━━━━━ DATASET RECORDS
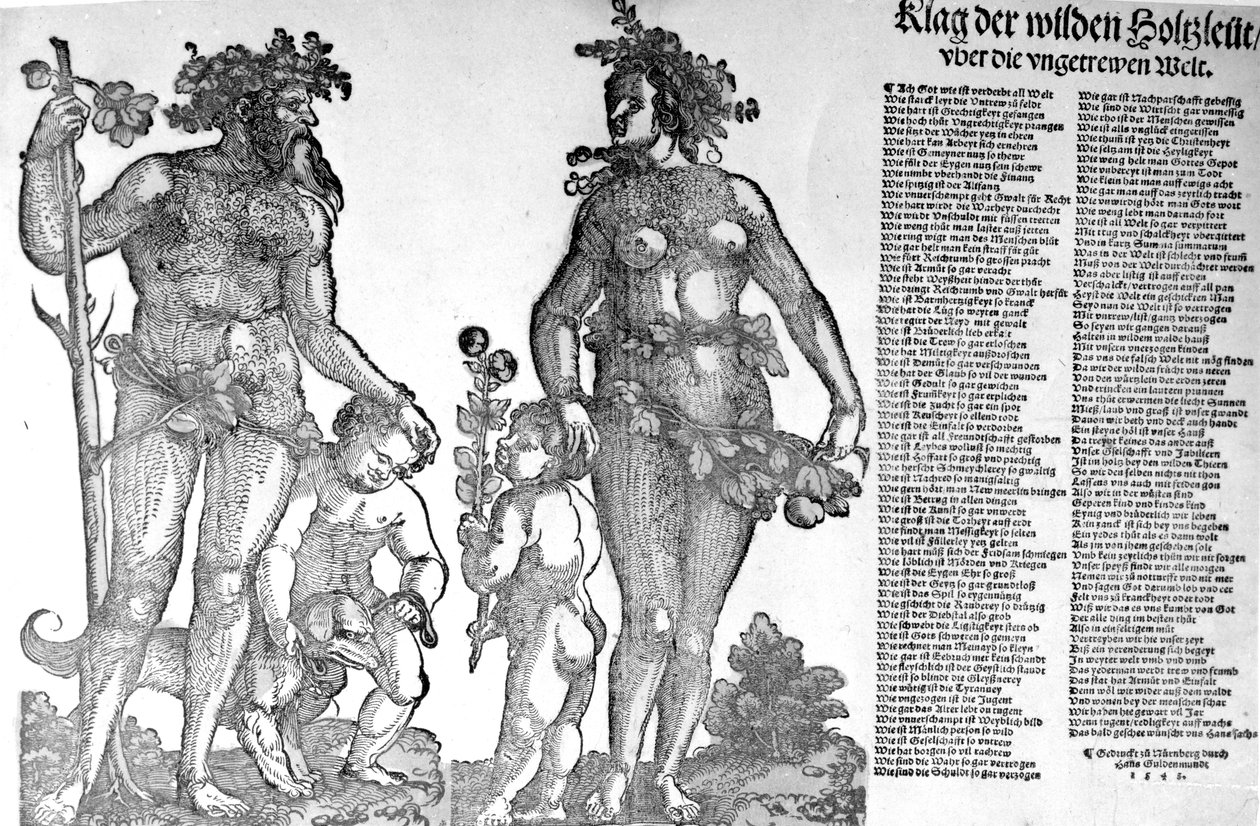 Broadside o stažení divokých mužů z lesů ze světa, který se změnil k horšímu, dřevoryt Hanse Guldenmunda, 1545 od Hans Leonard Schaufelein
━━━━━━━━━━
━━━━━ DATASET RECORDS
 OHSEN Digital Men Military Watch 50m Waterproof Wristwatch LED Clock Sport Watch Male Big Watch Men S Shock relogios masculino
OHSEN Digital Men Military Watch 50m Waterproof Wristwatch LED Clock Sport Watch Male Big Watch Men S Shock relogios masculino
━━━━━━━━━━
WHAT NEEDS TO BE DONE
Find and copy each line of the material that holds the word "masculino".

RESULT OF THE TASK
 OHSEN Digital Men Military Watch 50m Waterproof Wristwatch LED Clock Sport Watch Male Big Watch Men S Shock relogios masculino
OHSEN Digital Men Military Watch 50m Waterproof Wristwatch LED Clock Sport Watch Male Big Watch Men S Shock relogios masculino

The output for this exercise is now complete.